Cette irruption de violences, est-ce la chronique d’une confrontation annoncée au vu du contexte des relations israélo-palestiniennes des derniers mois?

Cela a commencé en mars 2022 par des tensions répétées et qui n’ont fait que s’accroître avec une militarisation plus importante des Palestiniens et des formes d’actions plus violentes que ce qu’on avait vu précédemment. On est aussi dans un contexte où, depuis vingt ans, les gouvernements israéliens ne veulent pas régler le conflit mais plutôt le gérer. C’est-à-dire gérer dans une optique managériale un conflit de basse intensité avec différents dispositifs prévus à cet effet dont le redécoupage de l’espace en Cisjordanie et sa fragmentation extrême, le système de permis (plus de cent types de permis différents sont octroyés aux Palestiniens de Cisjordanie pour se déplacer), les arrestations et les emprisonnements massifs qui vont bien au-delà des seules personnes ayant commis des délits avérés. La solution politique a été complètement abandonnée au profit d’une gestion d’un territoire sur la base du paradigme d’une population globalement considérée comme «dangereuse», sans prendre en compte la question politique mais, au contraire, en développant sans cesse la colonisation ; et par un système qui ressemble de plus en plus à une situation d’apartheid au sens du droit international. Ce qui aboutit régulièrement à des moments de conflit violent. En plus, l’arrivée d’un gouvernement très radical et l’octroi à ses ministres les plus extrémistes de postes appelés à gérer la majeure partie de la colonisation et de l’occupation, finissent d’obscurcir un futur déjà sombre. On en revient alors à des actions armées et très violentes qui avaient malgré tout plus ou moins disparu ces dernières années.

La solution politique a été abandonnée au profit d’une gestion d’un territoire sur la base du paradigme d’une population globalement considérée comme “dangereuse”.

Y a-t-il une convergence d’intérêts ponctuelle entre le Djihad islamique, le Hamas, les Brigades des martyrs d’al-Aqsa?

C’est plus complexe que cela. Du côté des autorités gouvernementales, aucun accord ne lie le Hamas à Gaza et l’Autorité palestinienne du Fatah de Mahmoud Abbas en Cisjordanie. La division est extrêmement forte. Par contre, il y a depuis quelques années déjà une coalition d’intérêts en opposition à l’Autorité palestinienne entre le Hamas, le Djihad islamique et certains partis de gauche. Cependant, les groupes de jeunes actifs à Naplouse, à Jénine…, eux, se sont constitués sur des bases non partisanes. Y figurent certes des membres du Djihad islamique, du Hamas, de ses branches armées, les Brigades al-Qods et les Brigades Izz al-Din al-Qassam, des combattants des Brigades des martyrs d’al-Aqsa du Fatah et des personnes non affiliées. Mais il ne s’agit pas d’une entente au niveau du leadership partisan. Ce sont des groupes qui émergent d’une situation locale. Le leadership n’a pas le contrôle de leurs actions, même s’il y a des connexions. Le jeune de 21 ans qui a attaqué la synagogue à Neve Yaakov et le garçon de 13 ans qui a commis le fusillade à Silwan, c’est encore différent. A priori, ce sont des personnes non affiliées.

© REUTERS

Ce dernier profil témoigne-t-il d’une expansion de la lutte, notamment à des plus jeunes?

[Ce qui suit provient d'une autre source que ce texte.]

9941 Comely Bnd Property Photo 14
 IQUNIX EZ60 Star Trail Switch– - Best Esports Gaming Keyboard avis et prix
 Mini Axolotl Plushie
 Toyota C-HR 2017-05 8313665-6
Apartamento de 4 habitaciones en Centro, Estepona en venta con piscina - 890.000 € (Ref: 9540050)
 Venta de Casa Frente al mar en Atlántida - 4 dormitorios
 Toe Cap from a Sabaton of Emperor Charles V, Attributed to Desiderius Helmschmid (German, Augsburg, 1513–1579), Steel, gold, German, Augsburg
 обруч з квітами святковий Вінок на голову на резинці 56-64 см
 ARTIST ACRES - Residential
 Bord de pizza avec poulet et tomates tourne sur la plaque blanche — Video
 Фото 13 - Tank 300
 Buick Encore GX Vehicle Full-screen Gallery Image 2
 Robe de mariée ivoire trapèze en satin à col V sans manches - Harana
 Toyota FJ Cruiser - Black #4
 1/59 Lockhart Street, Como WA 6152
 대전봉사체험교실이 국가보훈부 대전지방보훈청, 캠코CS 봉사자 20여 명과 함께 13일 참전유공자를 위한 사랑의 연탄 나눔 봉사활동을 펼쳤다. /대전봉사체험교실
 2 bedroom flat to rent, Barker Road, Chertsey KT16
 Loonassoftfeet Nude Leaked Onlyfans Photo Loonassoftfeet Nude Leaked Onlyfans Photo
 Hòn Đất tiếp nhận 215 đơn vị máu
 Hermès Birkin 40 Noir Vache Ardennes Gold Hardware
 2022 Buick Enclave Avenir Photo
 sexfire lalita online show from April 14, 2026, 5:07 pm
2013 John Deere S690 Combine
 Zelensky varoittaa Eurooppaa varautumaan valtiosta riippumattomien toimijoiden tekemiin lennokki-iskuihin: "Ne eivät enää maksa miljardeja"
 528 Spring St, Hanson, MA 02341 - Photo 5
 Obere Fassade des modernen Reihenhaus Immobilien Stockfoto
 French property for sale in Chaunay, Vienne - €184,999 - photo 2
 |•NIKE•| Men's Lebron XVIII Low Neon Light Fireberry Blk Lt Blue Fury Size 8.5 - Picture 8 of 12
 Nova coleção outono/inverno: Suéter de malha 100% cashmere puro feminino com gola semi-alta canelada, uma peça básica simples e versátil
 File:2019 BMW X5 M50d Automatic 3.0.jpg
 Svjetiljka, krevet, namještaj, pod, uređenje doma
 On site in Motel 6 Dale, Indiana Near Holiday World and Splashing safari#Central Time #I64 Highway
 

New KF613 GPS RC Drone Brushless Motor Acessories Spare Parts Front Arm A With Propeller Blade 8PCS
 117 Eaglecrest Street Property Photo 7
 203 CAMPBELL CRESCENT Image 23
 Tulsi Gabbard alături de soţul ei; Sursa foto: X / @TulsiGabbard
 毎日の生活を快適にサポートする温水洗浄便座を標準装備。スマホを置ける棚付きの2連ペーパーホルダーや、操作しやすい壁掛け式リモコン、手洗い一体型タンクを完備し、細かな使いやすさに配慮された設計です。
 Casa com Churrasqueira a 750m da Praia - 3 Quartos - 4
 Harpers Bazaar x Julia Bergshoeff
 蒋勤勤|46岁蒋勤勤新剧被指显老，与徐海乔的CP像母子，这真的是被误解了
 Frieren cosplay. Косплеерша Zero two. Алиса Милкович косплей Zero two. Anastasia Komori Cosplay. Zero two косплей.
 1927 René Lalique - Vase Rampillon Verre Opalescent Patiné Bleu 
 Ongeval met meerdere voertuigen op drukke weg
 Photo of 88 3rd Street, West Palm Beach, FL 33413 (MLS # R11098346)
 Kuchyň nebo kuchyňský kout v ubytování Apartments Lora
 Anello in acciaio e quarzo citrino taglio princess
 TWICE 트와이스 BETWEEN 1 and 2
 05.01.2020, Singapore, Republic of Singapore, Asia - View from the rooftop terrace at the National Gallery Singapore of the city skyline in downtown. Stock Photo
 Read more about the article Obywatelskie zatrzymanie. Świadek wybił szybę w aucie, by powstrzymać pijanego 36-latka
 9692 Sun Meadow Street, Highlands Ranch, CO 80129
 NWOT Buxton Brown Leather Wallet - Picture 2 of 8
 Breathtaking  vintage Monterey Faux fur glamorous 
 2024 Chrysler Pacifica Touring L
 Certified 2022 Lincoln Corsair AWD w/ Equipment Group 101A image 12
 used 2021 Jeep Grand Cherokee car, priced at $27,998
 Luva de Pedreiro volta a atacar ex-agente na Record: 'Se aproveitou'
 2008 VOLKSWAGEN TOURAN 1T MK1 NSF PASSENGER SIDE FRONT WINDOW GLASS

Un jeune de 13 ans qui commet une fusillade, il est vrai qu’on n’avait encore jamais vu cela. Cependant, il y a longtemps que des très jeunes s’engagent dans des actions violentes. Beaucoup ont été impliqués dans la «petite» intifada de 2014-2015. Mais ils étaient nettement moins armés. C’est le résultat d’une pénétration extrêmement forte d’armes, diverses et variées, grâce à des trafics en provenance du Liban, de la Jordanie, de l’Egypte mais aussi très largement d’Israël. Elle s’explique par l’existence de terres de non-droit qui ont prospéré notamment en Cisjordanie dans les zones C où l’Autorité palestinienne n’est pas habilitée à maintenir ce qui relève de l’administration civile et dans les zones B où elle peut intervenir mais où elle beaucoup de mal à le faire contre la délinquance ou les trafics d’armes, pour différentes raisons qui ont trait en grande partie à la gestion israélienne de ces zones.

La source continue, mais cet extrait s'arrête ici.